PROMPT -> When you find the line with "May include: A" among the records below, reproduce it and each line after it exactly, ending with the line with "Parents and baby".

MATERIAL FOR THIS TASK below:

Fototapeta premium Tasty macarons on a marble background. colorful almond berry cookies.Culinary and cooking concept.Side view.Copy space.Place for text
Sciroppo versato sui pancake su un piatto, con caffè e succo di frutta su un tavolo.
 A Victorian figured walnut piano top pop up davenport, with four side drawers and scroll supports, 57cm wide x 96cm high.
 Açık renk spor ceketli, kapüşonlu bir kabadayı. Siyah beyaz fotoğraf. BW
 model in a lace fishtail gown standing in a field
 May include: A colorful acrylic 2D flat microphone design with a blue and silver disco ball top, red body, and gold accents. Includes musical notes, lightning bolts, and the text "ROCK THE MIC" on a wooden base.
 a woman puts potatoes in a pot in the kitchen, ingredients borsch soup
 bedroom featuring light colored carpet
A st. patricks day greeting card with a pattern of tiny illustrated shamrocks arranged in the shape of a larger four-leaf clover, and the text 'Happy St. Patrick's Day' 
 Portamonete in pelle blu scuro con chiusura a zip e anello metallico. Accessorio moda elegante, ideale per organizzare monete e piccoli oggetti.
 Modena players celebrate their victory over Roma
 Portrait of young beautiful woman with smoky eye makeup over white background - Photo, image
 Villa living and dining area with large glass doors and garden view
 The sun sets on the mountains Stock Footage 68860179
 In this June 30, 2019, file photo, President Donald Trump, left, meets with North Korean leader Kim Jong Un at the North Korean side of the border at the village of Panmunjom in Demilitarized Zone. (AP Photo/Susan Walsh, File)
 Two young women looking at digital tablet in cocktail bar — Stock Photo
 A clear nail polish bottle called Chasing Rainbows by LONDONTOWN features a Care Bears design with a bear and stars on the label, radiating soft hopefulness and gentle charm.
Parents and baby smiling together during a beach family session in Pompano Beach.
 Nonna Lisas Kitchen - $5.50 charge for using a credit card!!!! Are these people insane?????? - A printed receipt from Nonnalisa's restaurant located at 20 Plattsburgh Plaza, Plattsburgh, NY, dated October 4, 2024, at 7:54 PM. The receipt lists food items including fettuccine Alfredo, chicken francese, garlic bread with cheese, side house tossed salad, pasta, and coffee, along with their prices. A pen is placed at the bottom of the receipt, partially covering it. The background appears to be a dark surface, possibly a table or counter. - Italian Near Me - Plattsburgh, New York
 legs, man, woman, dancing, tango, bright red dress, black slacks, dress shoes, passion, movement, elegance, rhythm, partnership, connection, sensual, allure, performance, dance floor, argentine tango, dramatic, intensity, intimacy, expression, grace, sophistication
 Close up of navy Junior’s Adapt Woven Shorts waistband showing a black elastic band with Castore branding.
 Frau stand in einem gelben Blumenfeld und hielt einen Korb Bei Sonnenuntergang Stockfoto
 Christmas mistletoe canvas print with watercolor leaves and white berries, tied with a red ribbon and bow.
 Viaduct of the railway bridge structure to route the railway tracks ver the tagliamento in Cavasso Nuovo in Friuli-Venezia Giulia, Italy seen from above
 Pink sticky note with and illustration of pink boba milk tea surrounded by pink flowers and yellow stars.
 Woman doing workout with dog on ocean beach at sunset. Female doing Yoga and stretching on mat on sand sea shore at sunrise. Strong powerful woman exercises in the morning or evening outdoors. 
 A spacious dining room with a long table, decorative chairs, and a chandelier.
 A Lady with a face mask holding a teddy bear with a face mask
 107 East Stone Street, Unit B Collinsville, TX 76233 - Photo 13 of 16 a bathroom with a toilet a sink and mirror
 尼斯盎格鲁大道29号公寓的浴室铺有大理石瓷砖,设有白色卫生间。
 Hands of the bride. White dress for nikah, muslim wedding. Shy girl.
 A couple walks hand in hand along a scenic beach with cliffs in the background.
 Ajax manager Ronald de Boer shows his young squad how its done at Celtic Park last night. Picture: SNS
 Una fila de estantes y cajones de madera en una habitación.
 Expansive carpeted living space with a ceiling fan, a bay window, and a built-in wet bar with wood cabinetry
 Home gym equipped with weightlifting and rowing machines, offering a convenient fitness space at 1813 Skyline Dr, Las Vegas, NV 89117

End of MATERIAL FOR THIS TASK.

SOLUTION TO THIS TASK ->
 May include: A colorful acrylic 2D flat microphone design with a blue and silver disco ball top, red body, and gold accents. Includes musical notes, lightning bolts, and the text "ROCK THE MIC" on a wooden base.
 a woman puts potatoes in a pot in the kitchen, ingredients borsch soup
 bedroom featuring light colored carpet
A st. patricks day greeting card with a pattern of tiny illustrated shamrocks arranged in the shape of a larger four-leaf clover, and the text 'Happy St. Patrick's Day' 
 Portamonete in pelle blu scuro con chiusura a zip e anello metallico. Accessorio moda elegante, ideale per organizzare monete e piccoli oggetti.
 Modena players celebrate their victory over Roma
 Portrait of young beautiful woman with smoky eye makeup over white background - Photo, image
 Villa living and dining area with large glass doors and garden view
 The sun sets on the mountains Stock Footage 68860179
 In this June 30, 2019, file photo, President Donald Trump, left, meets with North Korean leader Kim Jong Un at the North Korean side of the border at the village of Panmunjom in Demilitarized Zone. (AP Photo/Susan Walsh, File)
 Two young women looking at digital tablet in cocktail bar — Stock Photo
 A clear nail polish bottle called Chasing Rainbows by LONDONTOWN features a Care Bears design with a bear and stars on the label, radiating soft hopefulness and gentle charm.
Parents and baby smiling together during a beach family session in Pompano Beach.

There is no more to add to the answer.